I'm working on some last minute properties in the NW suburbs. Please reply with a list of the equipment you have AVAILABLE. I'll have more details as they become available. Insured, Experienced, with References only!

Thank U


----------



## JaimeG (Jan 25, 2009)

Do you have an email?


----------



## Mdwstsnow512 (Dec 30, 2007)

Equipment i currently have without work

2 trucks with 8 ft blades and tailgate spreaders
1 truck with a 8'6" blade and 8' v-box

4 skidloaders- blades, buckets, and boxes available for all

2 - 2.5 yd loaders currently bucket only but easily fixed

10- laborers sidewalk guys

Service all of N. IL and southern WI

2 mil. GL & GA policy, WC. about a gizillion refernces.

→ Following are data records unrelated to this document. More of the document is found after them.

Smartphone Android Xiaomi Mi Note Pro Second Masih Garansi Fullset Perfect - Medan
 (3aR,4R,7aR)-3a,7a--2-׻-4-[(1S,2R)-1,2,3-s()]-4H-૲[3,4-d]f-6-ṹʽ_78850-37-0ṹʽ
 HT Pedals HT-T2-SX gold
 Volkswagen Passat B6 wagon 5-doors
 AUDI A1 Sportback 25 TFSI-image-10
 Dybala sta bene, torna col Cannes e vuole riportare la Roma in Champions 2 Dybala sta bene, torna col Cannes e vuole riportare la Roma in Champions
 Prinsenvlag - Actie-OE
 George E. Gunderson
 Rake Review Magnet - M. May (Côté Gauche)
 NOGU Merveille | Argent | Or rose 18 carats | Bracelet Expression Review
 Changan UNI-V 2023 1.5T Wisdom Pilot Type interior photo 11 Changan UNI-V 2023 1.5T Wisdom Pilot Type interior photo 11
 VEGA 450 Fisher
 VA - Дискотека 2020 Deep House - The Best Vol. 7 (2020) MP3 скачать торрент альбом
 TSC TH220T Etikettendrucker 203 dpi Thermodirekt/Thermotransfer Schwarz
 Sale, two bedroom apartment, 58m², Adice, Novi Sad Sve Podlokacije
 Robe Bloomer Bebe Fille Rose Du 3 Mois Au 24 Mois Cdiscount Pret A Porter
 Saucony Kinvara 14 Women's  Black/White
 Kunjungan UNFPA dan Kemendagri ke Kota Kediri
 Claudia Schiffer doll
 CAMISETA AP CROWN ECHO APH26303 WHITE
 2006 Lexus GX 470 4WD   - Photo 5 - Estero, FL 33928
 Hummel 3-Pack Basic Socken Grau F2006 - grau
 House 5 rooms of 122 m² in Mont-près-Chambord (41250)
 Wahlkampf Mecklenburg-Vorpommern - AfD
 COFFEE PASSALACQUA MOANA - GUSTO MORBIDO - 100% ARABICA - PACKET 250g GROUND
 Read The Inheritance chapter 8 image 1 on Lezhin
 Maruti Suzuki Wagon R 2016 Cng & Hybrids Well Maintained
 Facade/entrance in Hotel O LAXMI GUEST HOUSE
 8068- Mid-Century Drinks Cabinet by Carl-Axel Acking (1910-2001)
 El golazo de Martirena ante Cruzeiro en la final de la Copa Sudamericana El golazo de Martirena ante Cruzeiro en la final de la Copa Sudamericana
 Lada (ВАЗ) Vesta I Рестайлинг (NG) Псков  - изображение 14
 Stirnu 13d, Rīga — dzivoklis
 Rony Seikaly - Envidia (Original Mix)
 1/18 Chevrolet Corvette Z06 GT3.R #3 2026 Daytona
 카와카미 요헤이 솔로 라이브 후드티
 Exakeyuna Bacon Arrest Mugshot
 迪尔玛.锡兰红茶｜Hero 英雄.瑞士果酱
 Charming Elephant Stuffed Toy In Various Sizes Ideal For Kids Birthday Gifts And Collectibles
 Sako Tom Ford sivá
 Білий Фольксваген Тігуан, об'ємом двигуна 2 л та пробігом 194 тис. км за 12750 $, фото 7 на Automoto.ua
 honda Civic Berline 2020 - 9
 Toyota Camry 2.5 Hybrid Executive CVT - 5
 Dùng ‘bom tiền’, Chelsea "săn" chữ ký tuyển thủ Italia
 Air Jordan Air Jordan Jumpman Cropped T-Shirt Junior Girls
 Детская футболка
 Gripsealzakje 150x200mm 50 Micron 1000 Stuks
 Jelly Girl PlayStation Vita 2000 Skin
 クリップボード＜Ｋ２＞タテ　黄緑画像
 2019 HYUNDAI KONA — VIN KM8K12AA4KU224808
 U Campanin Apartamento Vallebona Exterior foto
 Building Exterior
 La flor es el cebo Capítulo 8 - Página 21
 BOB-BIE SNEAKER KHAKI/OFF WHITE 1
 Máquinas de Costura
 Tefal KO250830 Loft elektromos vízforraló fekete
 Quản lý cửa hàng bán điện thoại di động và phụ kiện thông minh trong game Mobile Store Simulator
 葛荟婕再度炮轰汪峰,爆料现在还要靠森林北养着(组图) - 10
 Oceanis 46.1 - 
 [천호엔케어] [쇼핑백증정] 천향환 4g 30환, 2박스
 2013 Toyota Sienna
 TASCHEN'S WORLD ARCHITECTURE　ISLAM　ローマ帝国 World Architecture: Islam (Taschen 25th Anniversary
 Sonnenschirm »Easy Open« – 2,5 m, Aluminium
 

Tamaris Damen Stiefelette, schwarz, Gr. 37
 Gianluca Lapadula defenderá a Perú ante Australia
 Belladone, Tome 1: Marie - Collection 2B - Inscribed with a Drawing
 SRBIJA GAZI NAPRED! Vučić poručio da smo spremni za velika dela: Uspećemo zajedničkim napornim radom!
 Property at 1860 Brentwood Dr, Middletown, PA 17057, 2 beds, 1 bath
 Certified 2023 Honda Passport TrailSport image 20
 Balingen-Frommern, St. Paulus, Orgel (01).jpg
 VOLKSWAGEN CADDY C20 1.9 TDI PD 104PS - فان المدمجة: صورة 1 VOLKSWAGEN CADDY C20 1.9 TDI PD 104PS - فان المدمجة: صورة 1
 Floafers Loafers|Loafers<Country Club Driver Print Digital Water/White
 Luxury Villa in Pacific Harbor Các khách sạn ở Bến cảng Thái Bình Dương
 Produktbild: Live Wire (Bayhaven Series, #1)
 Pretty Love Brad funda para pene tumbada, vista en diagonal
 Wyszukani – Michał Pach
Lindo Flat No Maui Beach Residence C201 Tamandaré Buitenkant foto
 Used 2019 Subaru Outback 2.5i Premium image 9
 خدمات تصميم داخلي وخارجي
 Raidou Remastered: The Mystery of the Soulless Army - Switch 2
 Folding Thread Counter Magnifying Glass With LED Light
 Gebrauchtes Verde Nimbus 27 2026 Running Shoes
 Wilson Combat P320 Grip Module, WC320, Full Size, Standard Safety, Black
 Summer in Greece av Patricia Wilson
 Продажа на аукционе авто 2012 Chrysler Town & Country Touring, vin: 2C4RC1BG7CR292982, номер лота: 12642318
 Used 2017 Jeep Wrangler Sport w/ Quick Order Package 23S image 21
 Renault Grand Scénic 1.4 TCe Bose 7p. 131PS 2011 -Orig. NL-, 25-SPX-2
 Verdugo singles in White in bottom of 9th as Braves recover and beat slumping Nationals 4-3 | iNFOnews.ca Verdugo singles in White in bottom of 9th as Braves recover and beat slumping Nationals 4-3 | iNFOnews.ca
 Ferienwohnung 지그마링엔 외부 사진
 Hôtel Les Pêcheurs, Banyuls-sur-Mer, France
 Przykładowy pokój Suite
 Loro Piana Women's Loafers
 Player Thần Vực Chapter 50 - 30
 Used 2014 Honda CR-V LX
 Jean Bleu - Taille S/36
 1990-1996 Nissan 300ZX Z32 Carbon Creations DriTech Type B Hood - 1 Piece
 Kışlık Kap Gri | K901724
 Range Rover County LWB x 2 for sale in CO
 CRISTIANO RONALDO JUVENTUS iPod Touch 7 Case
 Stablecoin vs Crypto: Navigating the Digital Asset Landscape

contracts didnt all pan out.

thanks 
Nate
Kesteleyn, Inc
[email protected]


----------



## JaimeG (Jan 25, 2009)

I have a 2005 John Deere 325 with an 8ft pusher, and a 2008 John Deere 325 with an 8 ft plow with wings. Fully insured.


----------



## Dissociative (Feb 28, 2007)

2004 F-350 8' proplus and salter. hinged backdrag edge..the heavy hitter...6.0 DIESEL
1996 F-150 7'6" and salter. hinged backdrag edge.....the nimble cleaner..small and fast. 
ground crew possibilities.

2 MIL GL and commercial auto 100/300 on all....
GPS navigation on both trucks with live laptop radar feed also....

Experienced in running multiple sites with upwards of 20 pieces of equipment,and route managing multiple drivers. 
Several professional references available. 

Father Son team with over 45years experience. 

All equipment in 90% new shape. Fully lighted and professional.

Digital cameras in both trucks ready if needed also. 



same story.......several irons in the fire with lots of cold feet.


----------



## SNOW DEPARTMENT (Nov 14, 2009)

*Thanks*

Thanks for the replies. Looks like I have an "inside track" on a few propeties. I am meeting with my contacts early nexy week. I hope to have more info midweek.


----------



## JazyT (Oct 21, 2009)

2002 Chevy 2500HD, 7'6" western with wings, all insurances, GPS in truck, cell phone, coffee thermos.


----------